Should all kids learn the same things?

Both: No.

Miss 7: No. Everyone should learn different things, and they can teach the other people to know as well. Like in ballet I was paired up with Claire and I taught her how to go ‘up, down, flex, and point’. And I think it’s fun to get surprised and know different stuff.

How can you tell when you’ve learnt enough about something?

Miss 7: I can tell because I’ve got all of it written down and when I look at other stuff about it I don’t see anything that I’ve missed.

Miss 5: When I’ve learnt all of it and I just know so it’s time to get on learning to the next thing.

Miss 7: I can even recount [what I’ve done] in my head and I’ll see I haven’t missed anything.

What would you like people to know about unschooling or how kids learn?

Miss 7: I’d like everyone to know that it’s fun and it’s easy to do.

Miss 5: I want everyone to know that it’s better than school because the teacher doesn’t have to tell you when you’re finished or not and that you can learn without the teacher even telling you what you have to learn. Kids can play with unschooling and unschooling makes everyone happy, and you don’t have to go to classroom every day.
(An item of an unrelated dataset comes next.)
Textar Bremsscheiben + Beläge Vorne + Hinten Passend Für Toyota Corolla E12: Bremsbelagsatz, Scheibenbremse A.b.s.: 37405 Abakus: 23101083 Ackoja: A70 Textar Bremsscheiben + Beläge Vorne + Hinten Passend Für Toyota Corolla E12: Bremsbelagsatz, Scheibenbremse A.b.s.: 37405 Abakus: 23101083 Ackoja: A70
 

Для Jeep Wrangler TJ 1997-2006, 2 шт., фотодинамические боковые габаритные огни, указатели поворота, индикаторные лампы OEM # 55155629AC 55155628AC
Unschooling: What Do The Children Think?

I hope you enjoyed their lovely little insights. My favourite things to hear were that learning was so connected with play, that their success was measured by themselves, that they thought everyone should learn what interested them and not the same things, and that they were confident in their ability to learn anything that they needed to know.

11 thoughts on “Unschooling: What Do The Children Think?

  1. I loved reading your children’s’ responses here. I was inspired to interview my own boys. It was lots of fun. I wanted to write up a blog post for my own blog but wanted to check with you first because I used many of your same questions.

  2. I find it interesting that your children go to ballet class to get instructed how to do ballet, but not to school to learn to read, write, maths, science, etc etc.

    • Dear Teacher, with your examples (read, write, maths, science), it is easy to learn these ‘subjects’ organically on your own or in a group. There is not one way to do those things. and there are many resources available to aid understanding. Also, all these ‘subjects’ can be learned during the process of play. The children would not learn them as ‘subjects’ because that is an artificial construct in order to fit in with the traditional school model.
      Of course, we can dance in or own way, however, if someone wants to learn a specific skill that needs instruction, like ballet or yoga, it’s easier to have someone instruct us.

  3. Pingback: My Child is Falling Behind... And I Couldn't Be Happier | Happiness is here

  4. I don’t know where you live, but in New York, children are required to take standardized test each spring starting in 3rd grade (and big pushes are being made toward requiring Common Core tests). How does this factor into your approach? Maybe it doesn’t as each state is different, but again, in New York, if your children don’t do “well enough” you have to revamp your approach and address the “weakness” and if you don’t legal issues ensue.